According to Roku “More Ways to Watch, which uses ACR, is not enabled by default on Roku TVs. Consumers must activate it. And if they choose to use the feature it can be disabled at any time.  To disable consumers have to uncheck Settings > Privacy > Smart TV experience > Use info from TV inputs.” So if you are worried hackers may someday find some way to take advantage of this you can easily turn it off if you had opted in to use it.

The other way Consumer Reports says your Roku TV can be hacked is through the External Control option. According to Consumer Reports they were able to take over complete remote control of the TVs from Samsung and TCL’s branded Roku TV, which included changing channels, upping the volume, installing new apps and playing objectionable content from YouTube. How could they do this? Well by using the Roku App’s remote control feature on Android or iOS. This feature lets anyone on the same WiFi network use their phone or tablet as a remote for their TV.

According to Roku “There is no security risk to our customers’ accounts or the Roku platform with the use of this API.” Yet if you are still worried Roku says “In addition, consumers can turn off this feature on their Roku player or Roku TV by going to Settings>System>Advanced System Settings>External Control>Disabled.”

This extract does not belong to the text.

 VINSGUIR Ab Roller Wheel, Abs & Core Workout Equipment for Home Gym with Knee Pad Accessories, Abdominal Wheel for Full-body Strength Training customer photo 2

So in short no your TV is not easily hacked these features are built into your Roku TV have to be turned on and all can be easily turned off. To “hack” your Roku or Roku TV someone would need to know your WiFi network password and be physically close enough to connect to your WiFi network. So we as always suggest using strong passwords on your WiFi network.

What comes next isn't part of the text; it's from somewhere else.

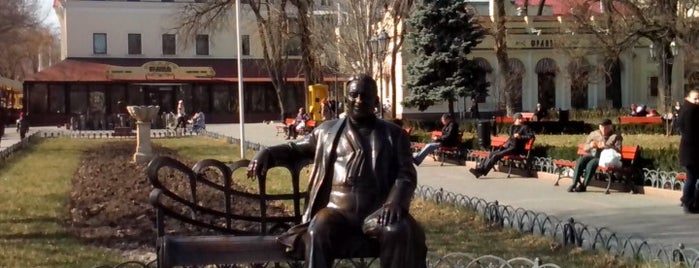Памятник Леониду Утёсову is one of Онлайн-путеводитель по Одессе- Odessa Online Guide.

Roku ended their rebuttal by saying ““Roku takes security very seriously. There is no security risk to our customers’ accounts or to the Roku platform as stated by Consumer Reports.”

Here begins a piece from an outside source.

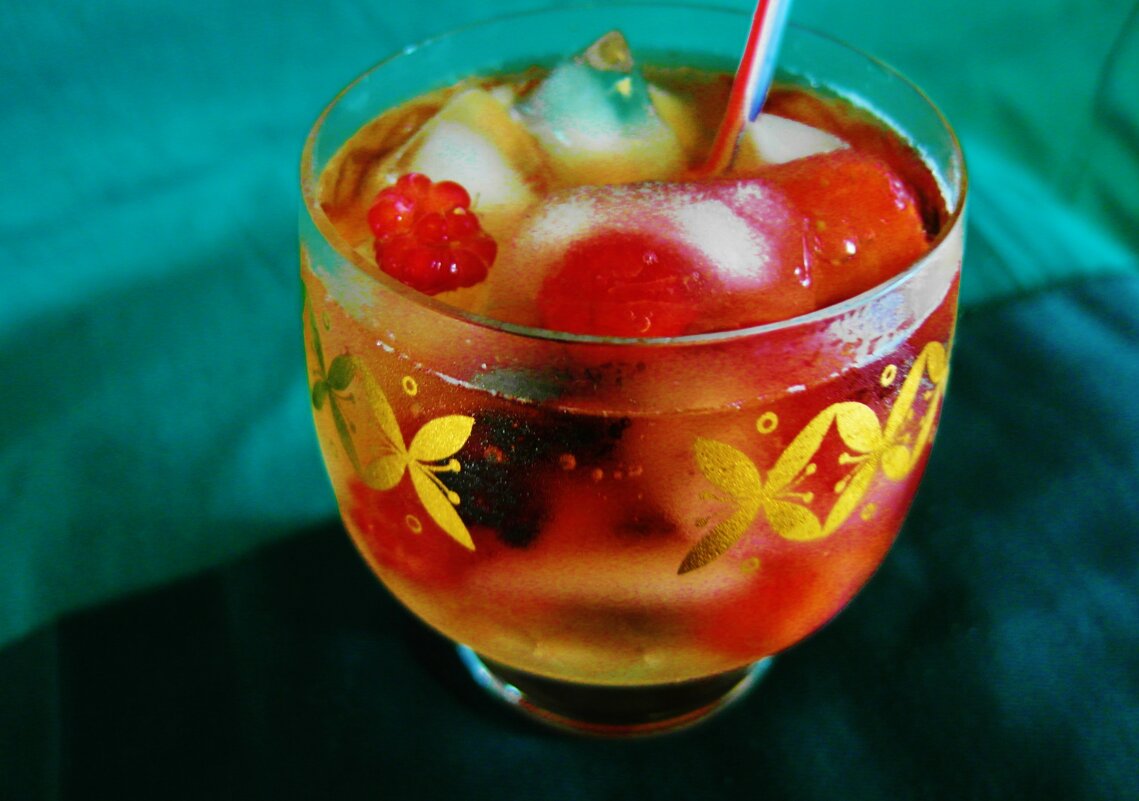 С праздником  8 МАРТА !!!!!! - Владимир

Please follow us on Facebook and Twitter for more news, tips, and reviews.

Need cord cutting tech support? Join our Cord Cutting Tech Support Facebook Group for help.


4 Responses to Roku Says ‘No Your Roku Can NOT Be Easily Hacked’

  1. Maelish February 7, 2018 at 9:42 am #

    I think it’s smart to say “not easily hacked” in your title. Companies often tout their security right before a failure. Let’s just keep our fingers crossed.

  2. mark pettigrew February 7, 2018 at 11:56 am #

    CR is either seriously desperate for traffic to their site and exploiting the explosive growth if the cord cutting community, or they’re really naive conspiracy theorists.

    From their own story…

    “To become a victim of a real-world attack, a TV user would need to be using a phone or laptop running on the same WiFi network as the television, and then visit a site or download a mobile app with malicious code. That could happen, for instance, if they were tricked into clicking on a link in a phishing email or if they visited a site containing an advertisement with the code embedded.”

    “The exploits didn’t let us extract information from the sets or monitor what was playing. The process was crude, like someone using a remote control with their eyes closed.”

    Instead of defaming Roku for clickbait, they should encourage consumers to not be stupid and leave networks open, use simple passwords, share those passwords with miscreants, or browse sites hawking pirated content!

    A little personal responsibility goes a long way! Irresponsible people can produce unwanted results from good things. (Tide pod challenge anyone?)

  3. Michael Smith February 7, 2018 at 12:17 pm #

    The only completely secure computing device is one that isn’t powered on or connected to any network. But CR was really reaching on this one. If someone hacked your WiFi you’ve got much bigger concerns than playing questionable content on the YouTube channel of your tv…

  4. Lynn Sanders February 8, 2018 at 11:06 am #

    CR’s message could be applied to any IOT’s devices in a home of a person who hasn’t set up a secure home WiFi network. Personal Responsibility is called for her to first make sure your home WiFi is secure then set up devices. If you don’t take that step, you’re Roku is the least of your worries when it comes to being hacked 😉 CR’s is in a way slandering Roku’s image by posting such a damaging report that indicates false issues on the side of the Roku. Maybe Roku should sue CR’s?